Publié par MaRichesse.Com sur 26 Septembre 2016, 16:24pm

Catégories : #SUISSE, #ECONOMIE

Les familles frappées par la hausse de primes

Les familles vont passer à la caisse. En annonçant lundi le montant des primes de l’assurance obligatoire des soins, le conseiller fédéral Alain Berset a mis en avant cette catégorie d’assurés, particulièrement concernée par la nouvelle hausse. En 2017, les primes des enfants vont particulièrement peser sur le budget des ménages: elles augmenteront de 6,6% pour atteindre le montant de 105,25 francs, soit une progression de 6,14 francs par enfant et par mois en moyenne. En Suisse romande, la hausse sera encore plus marquée, surtout à Genève (+9,7%), devant le Jura et le Valais (8,2%), Vaud (7,6%) et Fribourg (6,9%).

En fait, depuis 2013, le montant des soins dispensés aux bambins et pris en charge par les assureurs maladie est supérieur aux recettes des primes encaissées pour ce groupe d’âge, explique l’Office fédéral de la santé publique. Dès lors, un «processus de rattrapage» est en cours. Comme le constate Verena Nold, directrice de l’association des assureurs Santésuisse, «la hausse des coûts pour les enfants a été régulière ces dernières années.
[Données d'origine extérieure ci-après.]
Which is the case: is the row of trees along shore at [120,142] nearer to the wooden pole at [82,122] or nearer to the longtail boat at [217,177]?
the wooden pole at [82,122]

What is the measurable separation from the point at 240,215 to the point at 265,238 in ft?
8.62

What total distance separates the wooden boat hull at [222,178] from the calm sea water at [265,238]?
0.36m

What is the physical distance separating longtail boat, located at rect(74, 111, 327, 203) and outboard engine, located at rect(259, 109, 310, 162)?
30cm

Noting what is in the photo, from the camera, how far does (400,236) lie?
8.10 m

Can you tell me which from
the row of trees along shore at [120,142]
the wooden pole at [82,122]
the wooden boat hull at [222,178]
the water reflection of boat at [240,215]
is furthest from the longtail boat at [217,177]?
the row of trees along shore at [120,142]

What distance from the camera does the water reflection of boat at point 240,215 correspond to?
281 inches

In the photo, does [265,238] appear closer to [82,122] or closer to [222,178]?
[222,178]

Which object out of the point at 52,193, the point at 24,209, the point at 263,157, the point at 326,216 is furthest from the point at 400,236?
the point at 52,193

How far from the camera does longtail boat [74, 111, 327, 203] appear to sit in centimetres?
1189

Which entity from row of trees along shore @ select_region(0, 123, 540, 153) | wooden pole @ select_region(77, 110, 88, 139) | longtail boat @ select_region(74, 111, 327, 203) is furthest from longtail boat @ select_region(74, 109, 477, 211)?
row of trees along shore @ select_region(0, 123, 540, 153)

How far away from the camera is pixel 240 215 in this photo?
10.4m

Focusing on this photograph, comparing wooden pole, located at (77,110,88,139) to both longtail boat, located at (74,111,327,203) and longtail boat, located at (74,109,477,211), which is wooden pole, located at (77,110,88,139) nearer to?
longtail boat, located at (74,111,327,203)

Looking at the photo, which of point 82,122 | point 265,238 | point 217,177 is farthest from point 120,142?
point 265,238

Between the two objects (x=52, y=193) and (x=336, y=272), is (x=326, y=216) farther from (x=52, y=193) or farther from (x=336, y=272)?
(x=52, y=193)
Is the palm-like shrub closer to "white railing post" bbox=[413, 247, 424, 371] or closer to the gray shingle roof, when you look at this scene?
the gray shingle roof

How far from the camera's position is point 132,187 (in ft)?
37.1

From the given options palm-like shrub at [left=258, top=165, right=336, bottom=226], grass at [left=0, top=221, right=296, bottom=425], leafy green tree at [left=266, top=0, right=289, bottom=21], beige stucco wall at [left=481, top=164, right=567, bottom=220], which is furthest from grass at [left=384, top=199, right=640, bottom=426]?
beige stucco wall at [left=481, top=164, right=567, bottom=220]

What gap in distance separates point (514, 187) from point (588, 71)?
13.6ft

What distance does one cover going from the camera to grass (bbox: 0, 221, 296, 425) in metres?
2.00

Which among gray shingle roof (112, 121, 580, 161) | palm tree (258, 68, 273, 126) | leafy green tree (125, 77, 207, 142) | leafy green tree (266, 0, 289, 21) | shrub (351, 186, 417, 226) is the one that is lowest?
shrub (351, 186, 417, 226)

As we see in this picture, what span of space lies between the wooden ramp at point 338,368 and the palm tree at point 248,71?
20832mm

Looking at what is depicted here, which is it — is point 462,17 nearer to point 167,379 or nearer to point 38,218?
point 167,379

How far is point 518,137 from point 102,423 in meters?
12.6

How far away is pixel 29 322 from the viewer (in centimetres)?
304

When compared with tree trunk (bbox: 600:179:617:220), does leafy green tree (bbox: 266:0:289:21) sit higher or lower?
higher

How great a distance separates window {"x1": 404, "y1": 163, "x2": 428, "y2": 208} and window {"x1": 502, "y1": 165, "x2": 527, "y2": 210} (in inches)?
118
Elle tient à une meilleure prise en charge, notamment des enfants jusque vers cinq ans, qui sont régulièrement contrôlés et bénéficient de mesures de prévention. Et c’est une bonne chose.»
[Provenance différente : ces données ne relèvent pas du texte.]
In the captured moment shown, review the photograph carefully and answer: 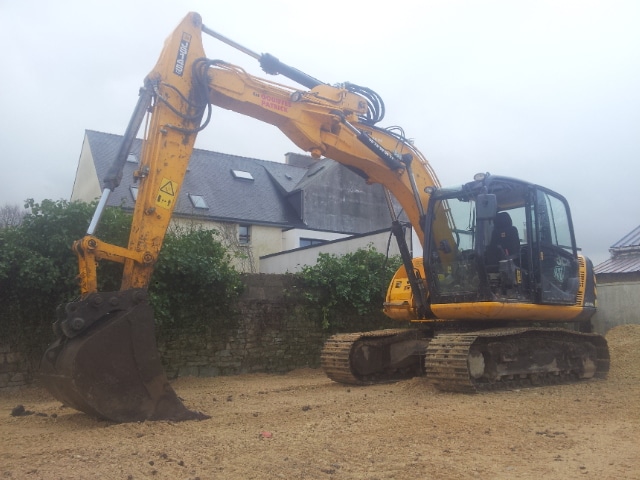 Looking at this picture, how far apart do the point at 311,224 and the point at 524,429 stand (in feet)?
69.5

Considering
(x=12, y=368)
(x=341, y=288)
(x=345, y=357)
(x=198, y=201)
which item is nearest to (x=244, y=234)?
(x=198, y=201)

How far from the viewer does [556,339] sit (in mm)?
9273

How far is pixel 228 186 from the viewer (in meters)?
25.8

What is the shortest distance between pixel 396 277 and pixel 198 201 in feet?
48.3

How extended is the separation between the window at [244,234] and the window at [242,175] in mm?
3148

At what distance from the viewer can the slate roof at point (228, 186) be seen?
930 inches

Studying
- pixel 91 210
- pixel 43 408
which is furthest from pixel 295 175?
pixel 43 408

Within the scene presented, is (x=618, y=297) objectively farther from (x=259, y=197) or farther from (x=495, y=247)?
(x=259, y=197)

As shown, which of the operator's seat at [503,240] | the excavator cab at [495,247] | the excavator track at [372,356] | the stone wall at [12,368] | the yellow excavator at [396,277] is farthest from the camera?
the excavator track at [372,356]

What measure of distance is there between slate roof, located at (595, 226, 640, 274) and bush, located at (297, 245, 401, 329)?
8.43 metres

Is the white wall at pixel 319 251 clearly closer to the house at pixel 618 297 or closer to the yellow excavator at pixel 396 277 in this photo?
the yellow excavator at pixel 396 277

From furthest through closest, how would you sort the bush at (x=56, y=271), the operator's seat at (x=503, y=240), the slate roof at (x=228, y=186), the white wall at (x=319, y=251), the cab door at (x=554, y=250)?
the slate roof at (x=228, y=186), the white wall at (x=319, y=251), the bush at (x=56, y=271), the cab door at (x=554, y=250), the operator's seat at (x=503, y=240)

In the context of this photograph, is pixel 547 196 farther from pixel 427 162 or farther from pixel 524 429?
pixel 524 429

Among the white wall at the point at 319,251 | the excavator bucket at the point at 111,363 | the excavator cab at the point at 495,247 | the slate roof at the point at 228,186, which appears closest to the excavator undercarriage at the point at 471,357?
the excavator cab at the point at 495,247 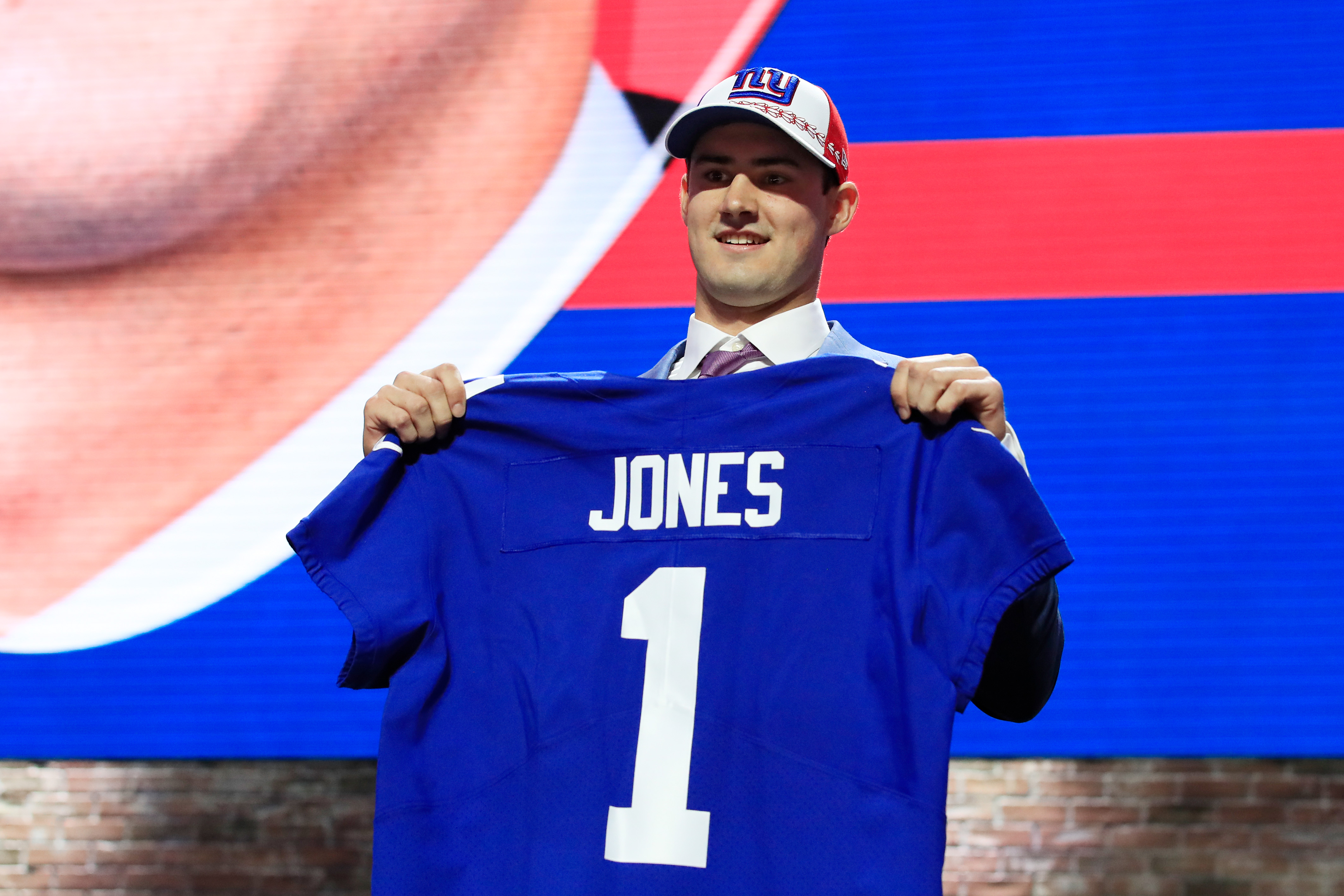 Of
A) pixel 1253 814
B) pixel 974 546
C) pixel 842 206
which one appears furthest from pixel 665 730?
pixel 1253 814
La loi sur l’assurance maladie (LaMal) impose aux caisses de fixer des primes plus basses pour les moins de 18 ans. Selon les assurances, ces rabais se situent entre 70 et 80% de la prime standard. Certains d’entre eux, comme Assura, ne diminueront pas en 2017 le montant du rabais: la hausse pour les enfants sera en ligne avec la courbe globale de l’augmentation des primes, qui se monte à 8,3% en moyenne nationale.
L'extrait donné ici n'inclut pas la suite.